Last week we produced an accounting tutorial setting out how to prepare a bank reconciliation. And we touched on some of the reasons why this is an important control for a business, and for personal finance. However this week we wanted to go a little further into these reasons. In particular if you have assignment or test question looking at internal controls, of which the reconciliation is a cornerstone of, this article might be useful for ideas.
Key Internal Control
The bank reconciliation plays such a central part in a business’ internal control system because of the nature of cash and the bank account. As you will see the bank account is the central record of the inflows and outflows of the business. Setting aside non-cash items, for example depreciation, the bank account reflects the vast majority of the economic benefits that flow between the business and third parties.
For example, when a sale is made to a customer this is reflected in the bank account when the customer pays; which might be at the time of sale or at a feature date. When the business pays for cleaning services, again when that account is paid the outflow of money is reflected in the bank account.
The second reason why the bank reconciliation is so critical is because of the nature of cash itself. Because money is so versatile in its use as a medium of exchange, is portable, generally holds value and widely accepted within an economy, it can be a great temptation for people to further their own economic prospects at the expense to the business. The more robust the controls around this area the less of a temptation it can be.
Practical Book Keeping
In addition to the internal control framework of a business bank reconciliations provide a very practical book keeping function.
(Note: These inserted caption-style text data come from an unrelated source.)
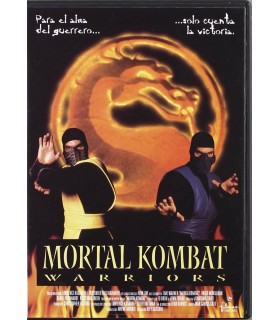 Mortal Kombat: Conquest [DVD] (1998) Mortal Kombat: Conquest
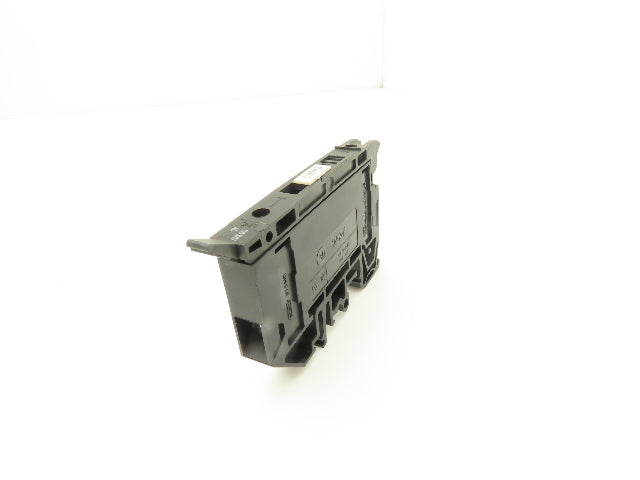 Allen Bradley 1492-H Fuse Holder Terminal Block Indicator 100-300VAC Lot of 113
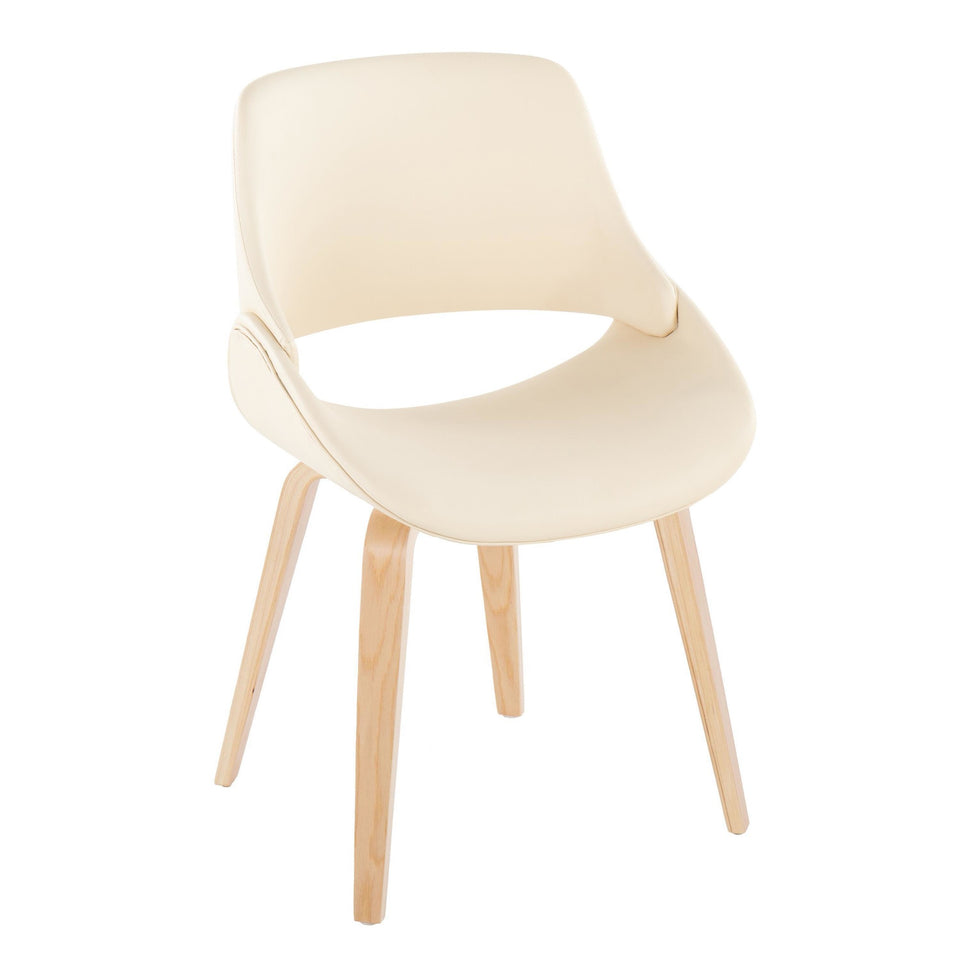 Fabrico Chair - Set of 2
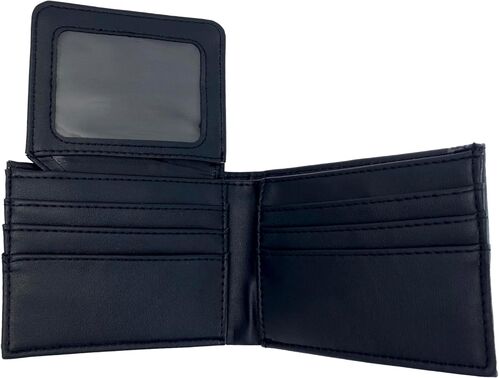 Papelería Harry Potter Set de Cartera y Llavero Premium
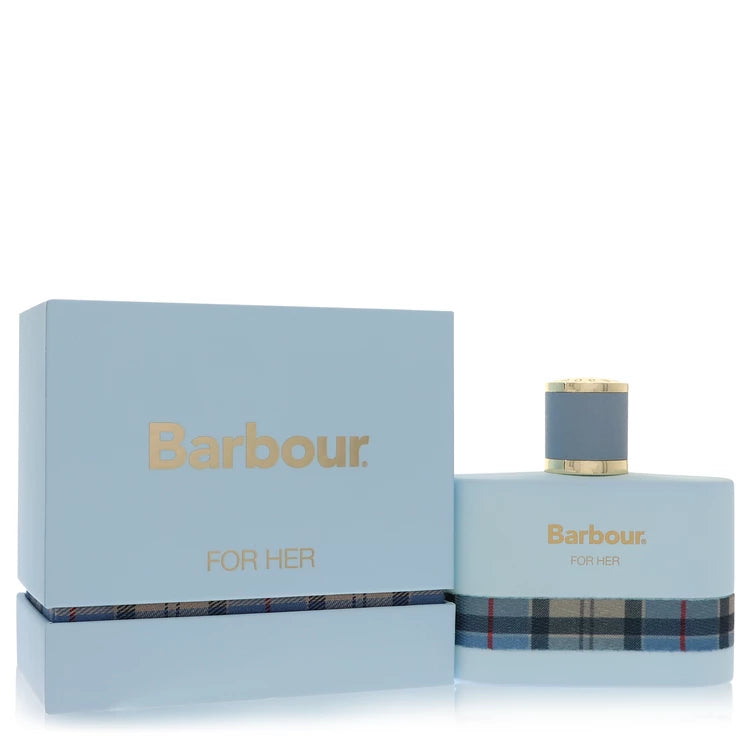 Barbour Coastal by Barbour for Women. Eau De Parfum Spray 3.4 oz | Perfumepur.com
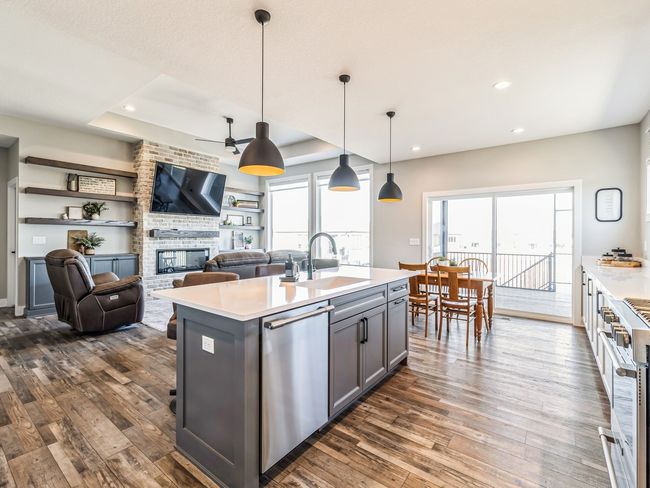 2105 Ketelsen Dr, Home with 4 bedrooms, 3 bathrooms and null parking in Ames IA | Image 7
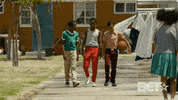 Bobby Brown GIF by New Edition BET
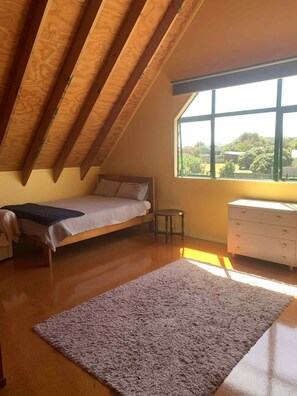 3 habitaciones 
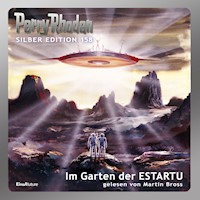 Perry Rhodan Silber Edition 158: Im Garten der ESTARTU - Arndt Ellmer - Hörbuch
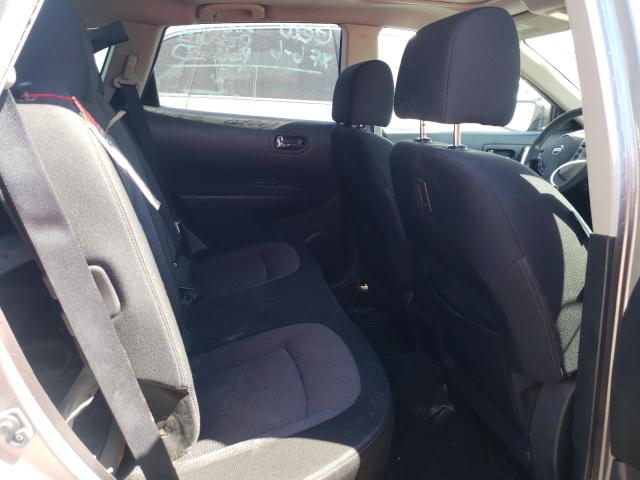 Photo 6 from auction – 2012 NISSAN ROGUE S with VIN JN8AS5MT9CW607374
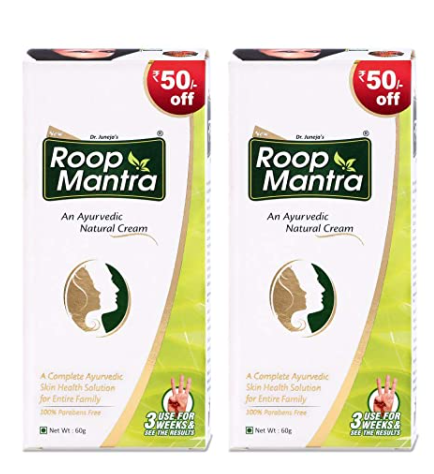 ROOPMANTRA CREAM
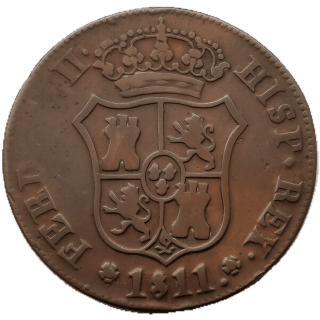 Coin obverse image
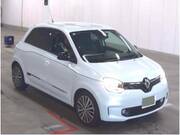 2024 RENAULT TWINGO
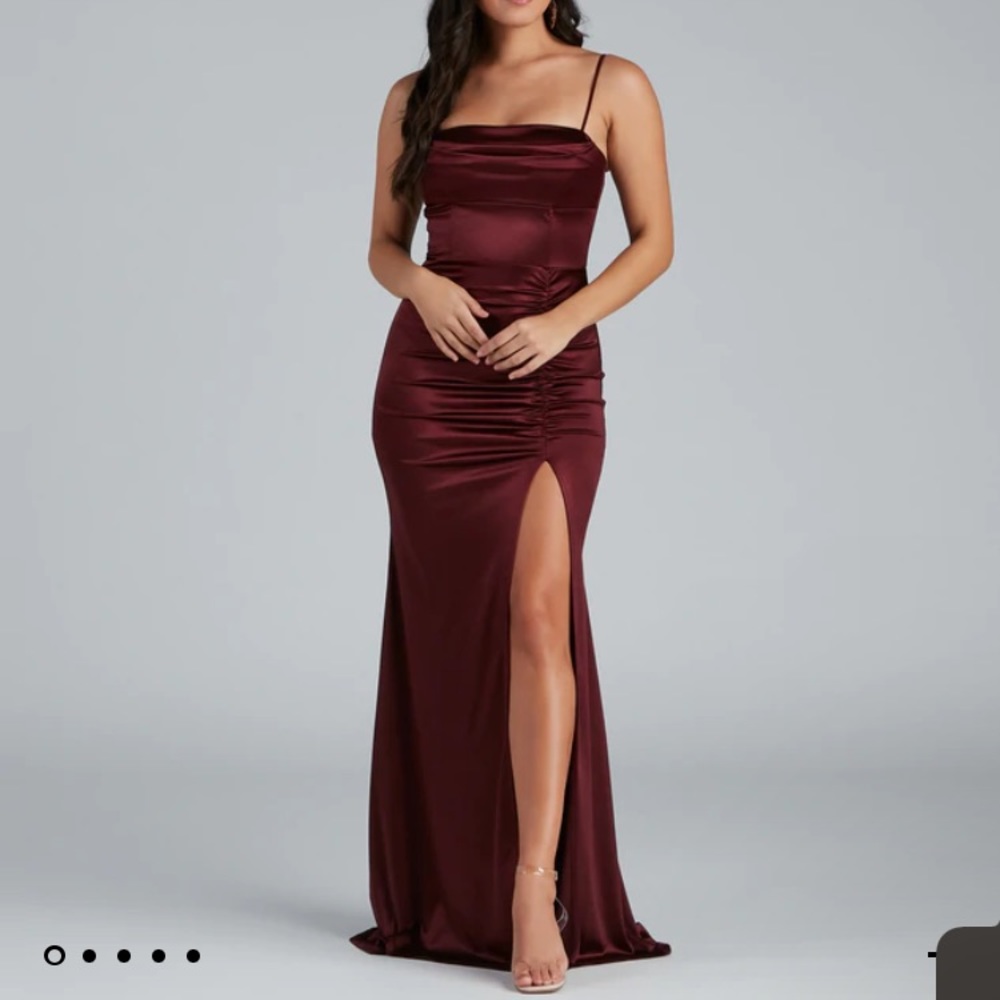 Windsor Prom Dress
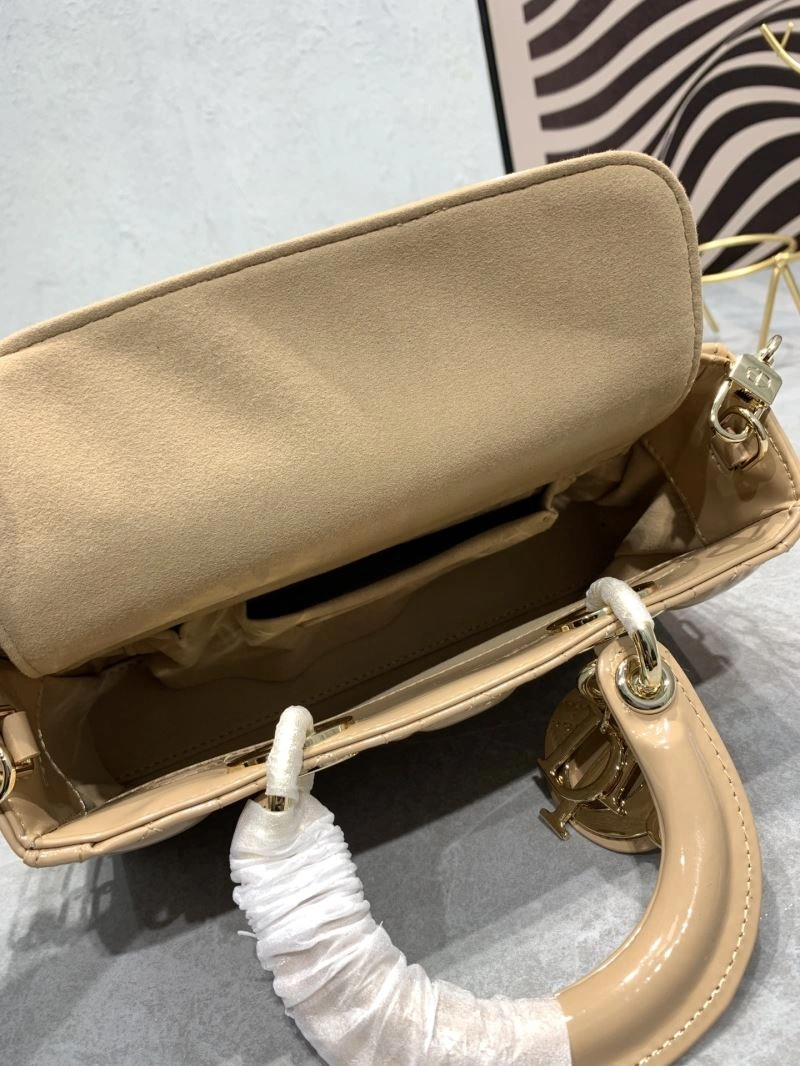 Dior My Lady Bags 4101C-2434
These activities include:
- a means to compare the business’ records with those of an independent third party, the bank, to ensure the entries made are correct and any errors can be identified and adjusted where required;
- a tool for the business to use to ensure the bank is correctly recording the flow of transactions through its system and properly accounting for the money the business has entrusted with them;
- ensuring the general ledger and therefore the trial balance and financial statements are disclosing the correct bank account figure, an important asset (or liability) of the business; and
- providing the business with a practical tool to monitor such mattes as unpresented cheques, a reducing issue due to the general decline in their use, but still important to monitor to ensure the settle of accounts is carried out in a timely manner.